Others call it the suit about the lawyer who held the restaurant door for a cop, then sued him and the restaurant.
In his refusal this week to kill the long running lawsuit that drains taxpayer resources, Judge Dennis Ruth explained he thought it was "confusing" and he needed to know more.
Frankly, Judge Ruth confuses us.
Is it lawyer-plaintiff Amanda Verett's dubious claim of injury that is so "confusing," in which a restaurant somehow gets blamed for an injury sustained while opening a door?
Or was it her incredible explanation of how the injury happened, which relied upon a fictional "vacuum" law of physics borrowed from an obscure sci-fi novel, "Demons in the Freezer"?
Was it the man who diagnosed Verett's alleged injury, the one-and-only Granite City chiropractor Dr. Mark Eavenson, Madison County's most prolific doctor-filer of class action lawsuits?
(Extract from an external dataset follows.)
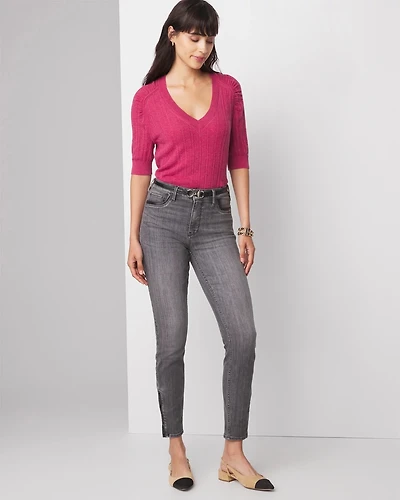 High-Rise Croc Skinny Ankle Jeans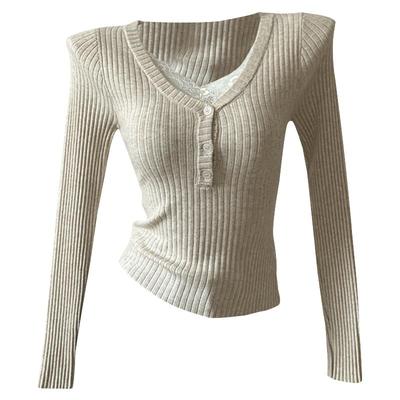 V领蕾丝针织高级感修身打底上衣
Was it the curious circumstances of the whole event? It occurred after Troy police officer, Clarence Jackson, responded to a 911 call of a disturbance at the restaurant--which testimony showed was caused primarily by Verett and a male law partner.
Which part of this hyper-embarrassing case is so difficult for Judge Ruth to understand?
Those in robes are called judge for a reason. They're supposed to make decisions--not give every plaintiff and lawyer the seemingly endless benefit of every doubt.
The net sum here is that Verett and her lawyer, the notorious Thomas Maag, now live to settle another day with Pizza Hut, a large company surely tiring of spending thousands of dollars on its defense in this bizarre case. It is this kind of leverage for which the duo hoped, and Judge Ruth seems willing to fulfill those hopes.
This case is anything but confusing. It's a crystal-clear example of what ails our civil justice system. And it's gone on for two years too long.